◆ **About this exercise**: In the data below, find the line with "كاميرا داش كام" and the line with "Imagem de QUPENGXU", then restate both and every line between them exactly, minus the pictures.

◆ **Data for processing**:
- - - - -

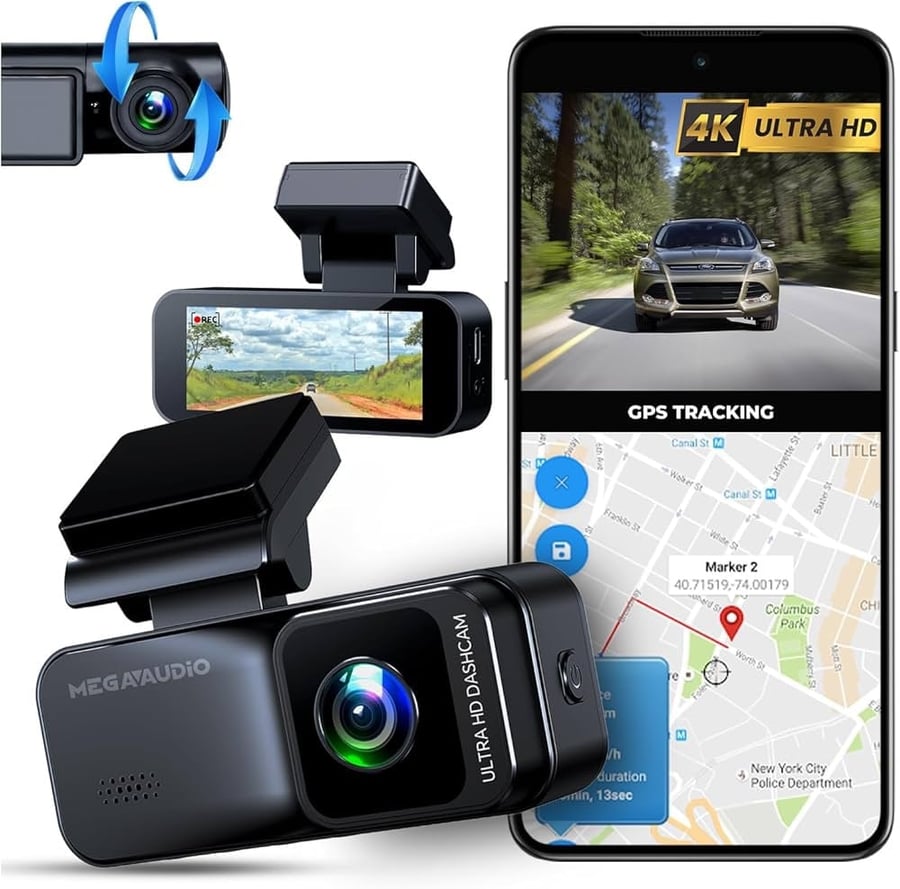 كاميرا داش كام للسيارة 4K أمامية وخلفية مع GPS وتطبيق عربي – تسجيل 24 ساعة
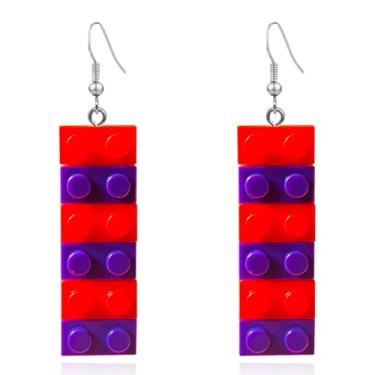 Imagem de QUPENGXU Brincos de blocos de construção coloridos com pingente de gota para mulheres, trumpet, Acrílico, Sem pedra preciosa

- - - - -

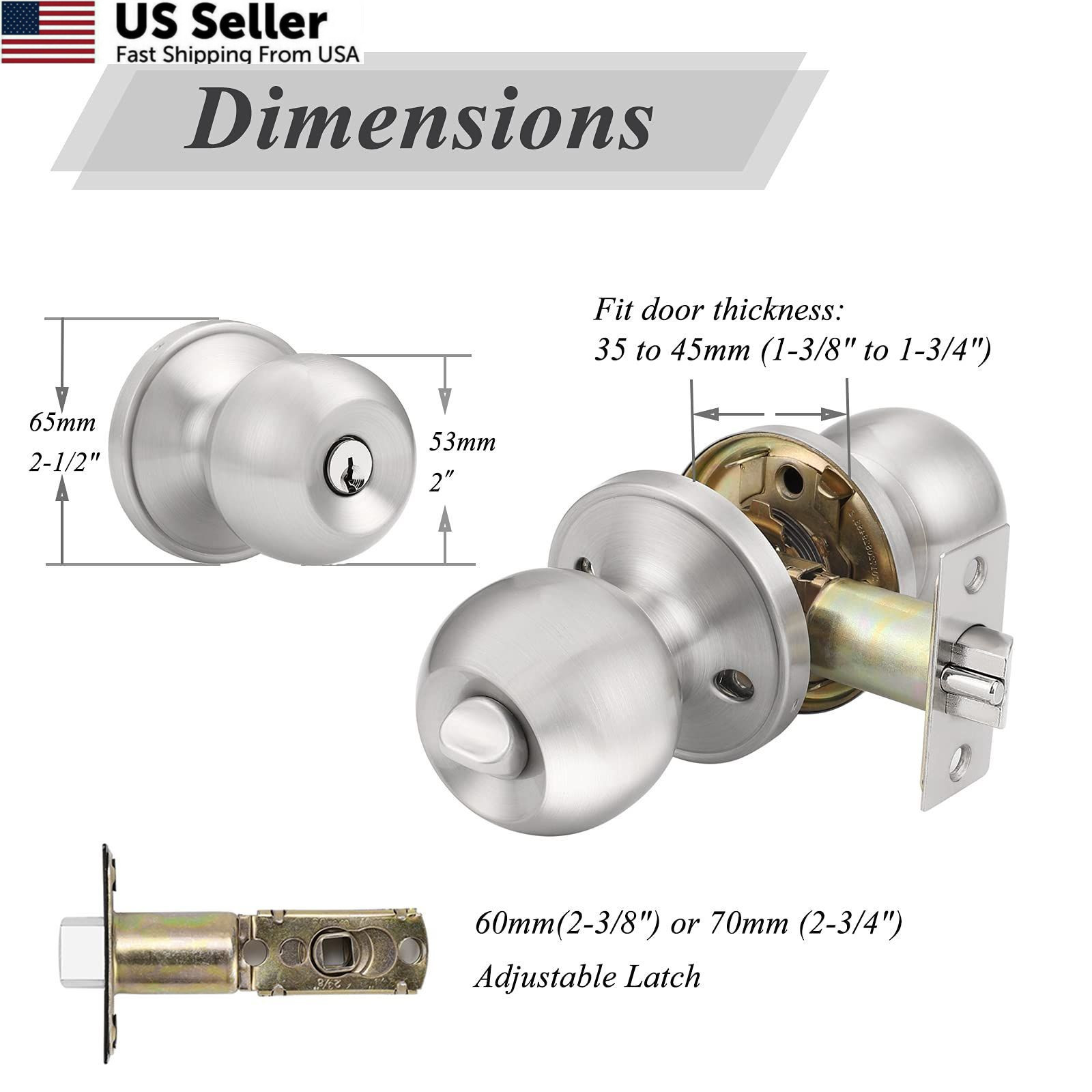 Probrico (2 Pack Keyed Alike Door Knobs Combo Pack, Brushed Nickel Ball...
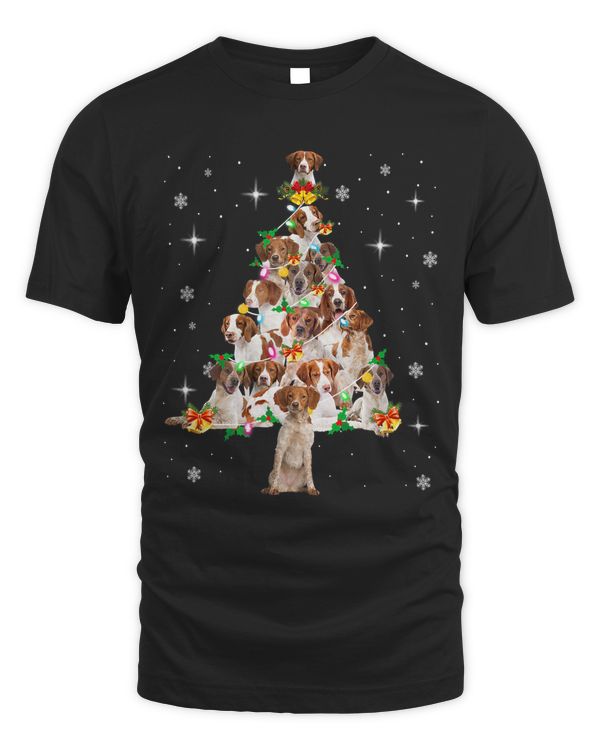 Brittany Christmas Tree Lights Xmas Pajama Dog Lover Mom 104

- - - - -

◆ **Written solution**:
 كاميرا داش كام للسيارة 4K أمامية وخلفية مع GPS وتطبيق عربي – تسجيل 24 ساعة
 Imagem de QUPENGXU Brincos de blocos de construção coloridos com pingente de gota para mulheres, trumpet, Acrílico, Sem pedra preciosa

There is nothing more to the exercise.